A Power Efficient 32 nm Ternary Multiplier using Graphene Nanoribbon Field-Effect Transistor Technology

Abstract

As circuit complexity grows, designers are exploring ternary logic as an alternative to binary logic to solve interconnection and energy problems. One effective approach to implementing ternary logic-based circuits is to use a multiple-threshold voltage (multi-V th ) design.
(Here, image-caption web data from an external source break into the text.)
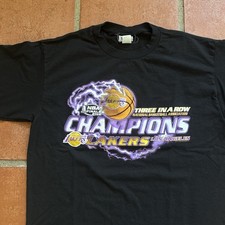 Vtg Los Angeles Lakers NBA Finals Champions T-Shirt Large Kobe Lightning 2002
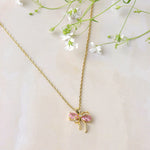 Load image into Gallery viewer, Pink Bow Pendant Necklace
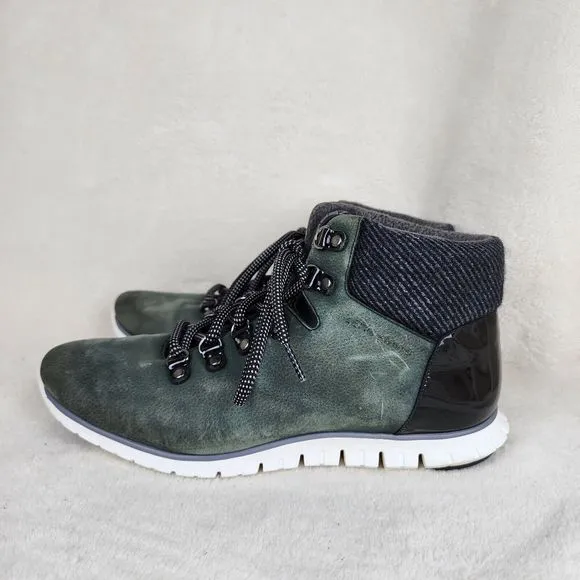 COLE HAAN ZEROGRAND GREEN LEATHER WATERPROOF ANKLE BOOTS SHOES US WOMENS SZ 9 B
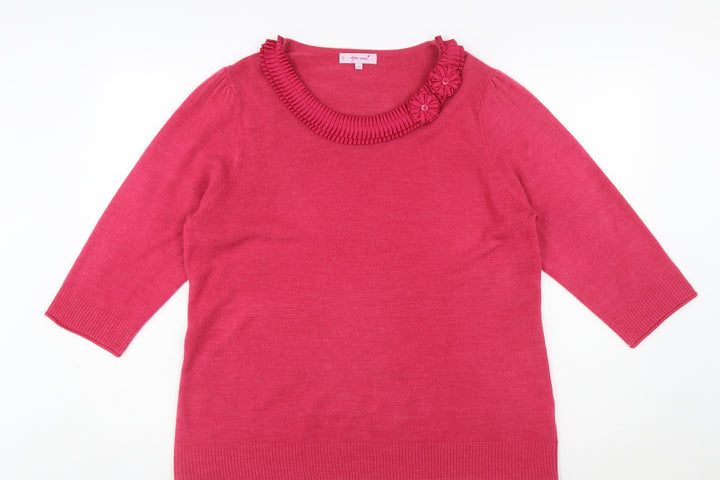 Marks and Spencer Per Una Women’s Pink 3/4 Sleeve Round Neck Jumper Size 20
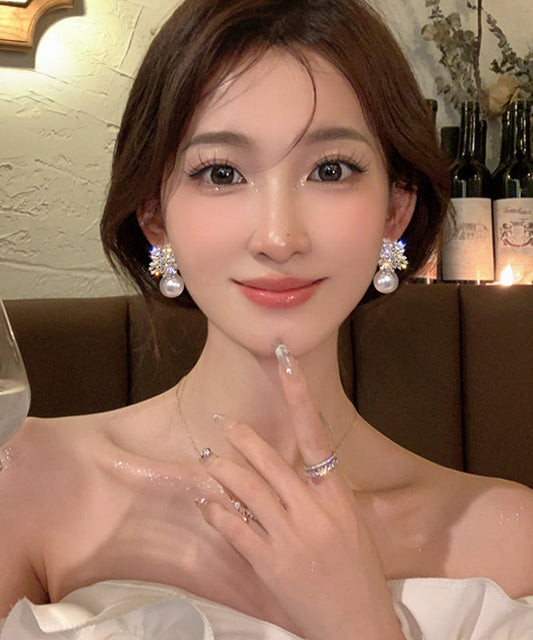 Snowflake Drop Fine Pearl White Zircon Alloy Earrings
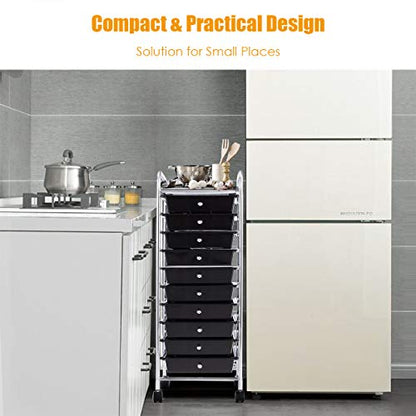 BETTARY Office Rolling Storage Cart with 10 Drawer, Scrapbook Paper Office School Organizer with Lockable Casters, Multipurpose Mobile Storage Cart for Supermarket, School, Office, Home (Black)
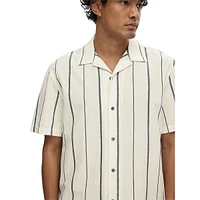 Relaxed-Fit Cotton & Linen Short-Sleeve Print Shirt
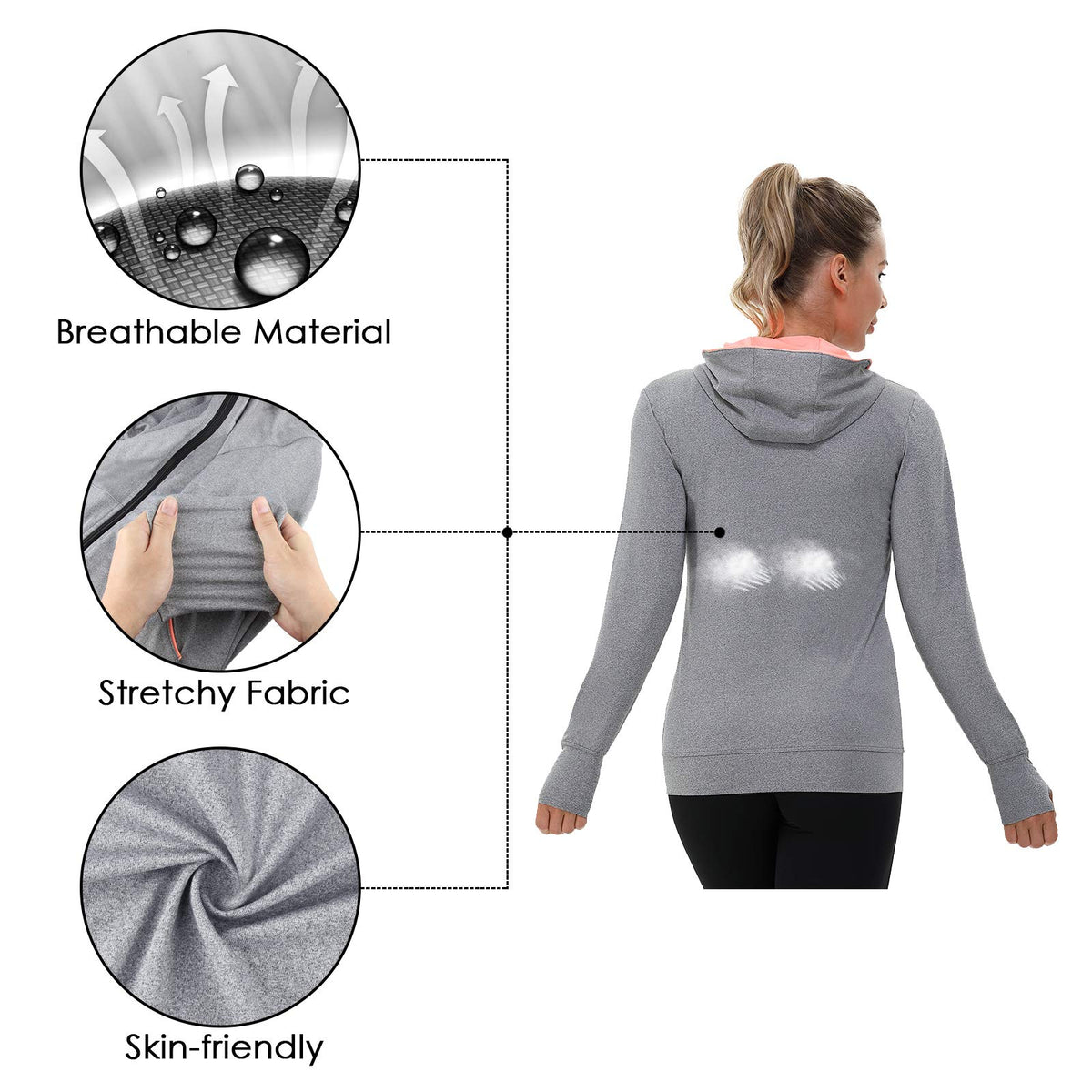 AMZSPORT Women's Running Jacket Long Sleeve with Pockets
In particular, graphene nanoribbon (GNR)-based field-effect transistors (GNRFETs) are a promising alternative to complementary metal-oxide-semiconductor (CMOS) technology for sub-32 nm feature sizes, as GNRs have excellent properties that can overcome scaling issues in CMOS. This paper introduces a ternary multiplier implemented with 32 nm GNRFET technology, which demonstrates high efficiency with only 26 transistors. Simulation results show that the proposed multiplier improves power dissipation and product-delay-power (PDP) by at least 37.30% and 22.22%, respectively, compared to existing multiplier designs when run at 0.9 V. Moreover, our proposed design is implemented with a carbon nanotube-based FET (CNTFET) technology. The GNRFET-based multiplier improved power and PDP by 41.77% and 30%, respectively in the cost of increasing the delay by 25%, compared to its CNTFET-based equivalent. Finally, we analyze the proposed multiplier under the process and environmental parameters variations of GNRFET technology. Overall, our results demonstrate the advantages of using GNRFET technology for implementing ternary logic-based circuits and provide insight into the impact of different design choices on performance.